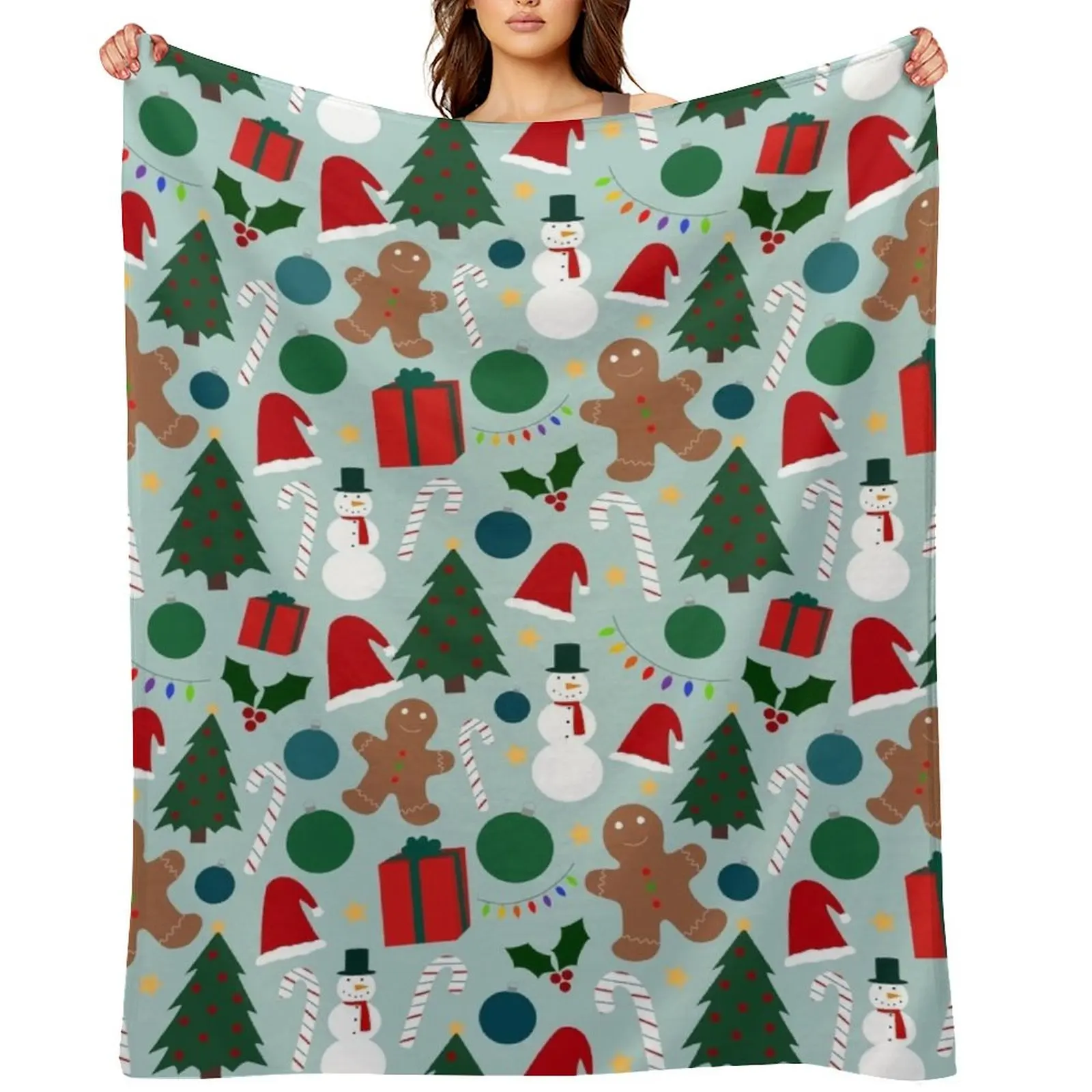 

Holiday Pattern Throw Blanket Thermal Bed Fashionable blankets ands Winter beds Blankets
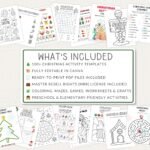 100+ Christmas Activity Pages | Editable Canva Templates | Kids Printables, Coloring, Mazes, Games & Worksheets | MRR - Image 9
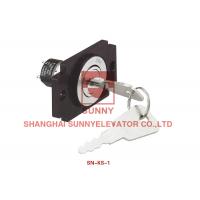 China Elevator door key locks / Push Button Reset Switch Electrical Lift Components factory
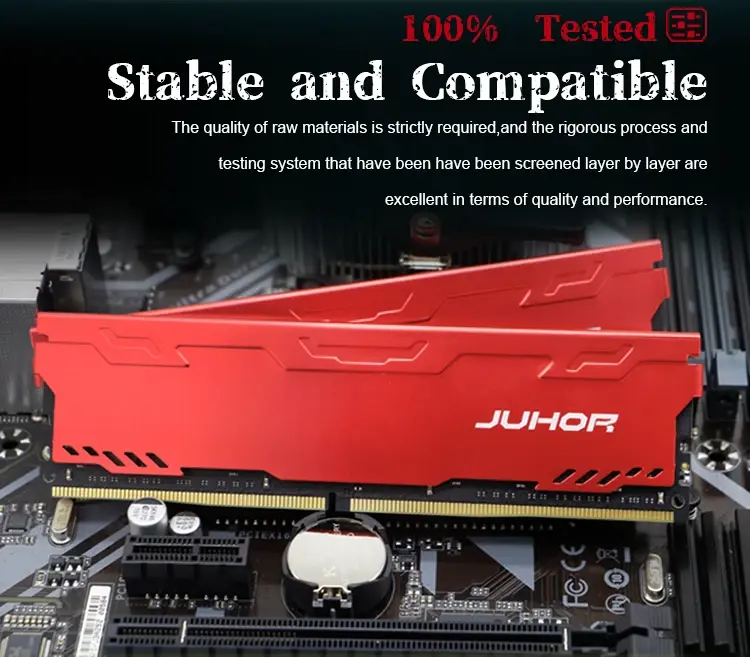 Miniatura: JUHOR DDR4 Ram 16GB 8GB 32GB 2666MHz 3200MHz DDR3 8GB 1600MHz DIMM Desktop Memor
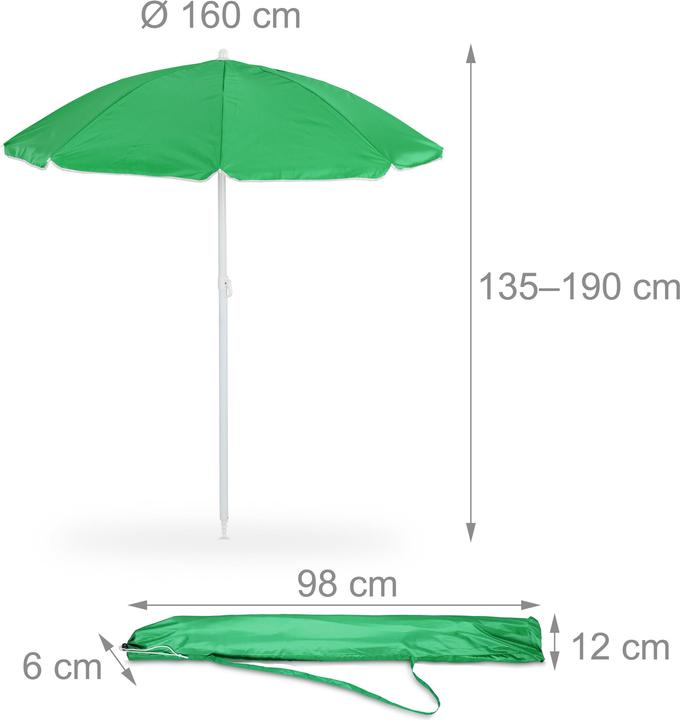 Image du produit Relaxdays Sonnenschirm (1.60 m)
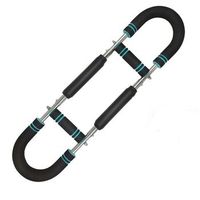 entrenador de brazos de acero de precision con resistencia ajustable 20-40kg mangos antideslizantes y doble resorte en u color azul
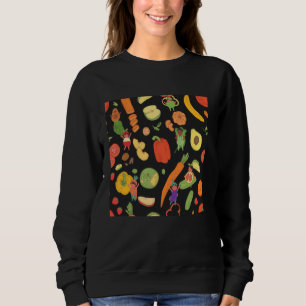 Fruit Vegetable Garden Banana Avocado Peppers Stra Sweatshirt
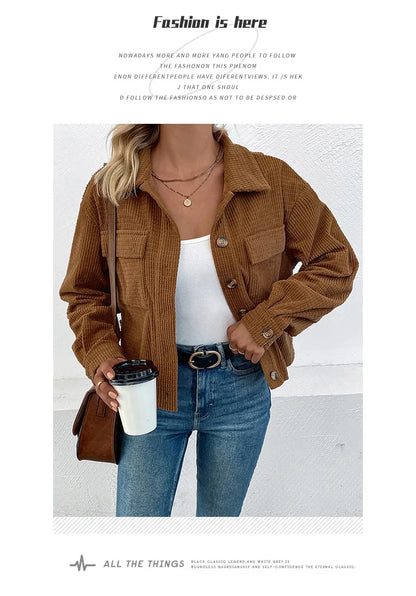 Coats Women Coat Turn Down Collar Full Sleeve Work Y2k Streetwear Elegant Splice Casual Loose Open Stith Autumn Winter 2025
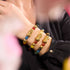 Pixiu Feng Shui Bracelet | FIVE Elements | Chakra Agate x 18k Gold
* * * * *
Work required: Everything from the line containing "Fruit Vegetable Garden" through the last line of the entries is to be output exactly as written, minus any pictures.

Reply:
 Fruit Vegetable Garden Banana Avocado Peppers Stra Sweatshirt
 Coats Women Coat Turn Down Collar Full Sleeve Work Y2k Streetwear Elegant Splice Casual Loose Open Stith Autumn Winter 2025
 Pixiu Feng Shui Bracelet | FIVE Elements | Chakra Agate x 18k Gold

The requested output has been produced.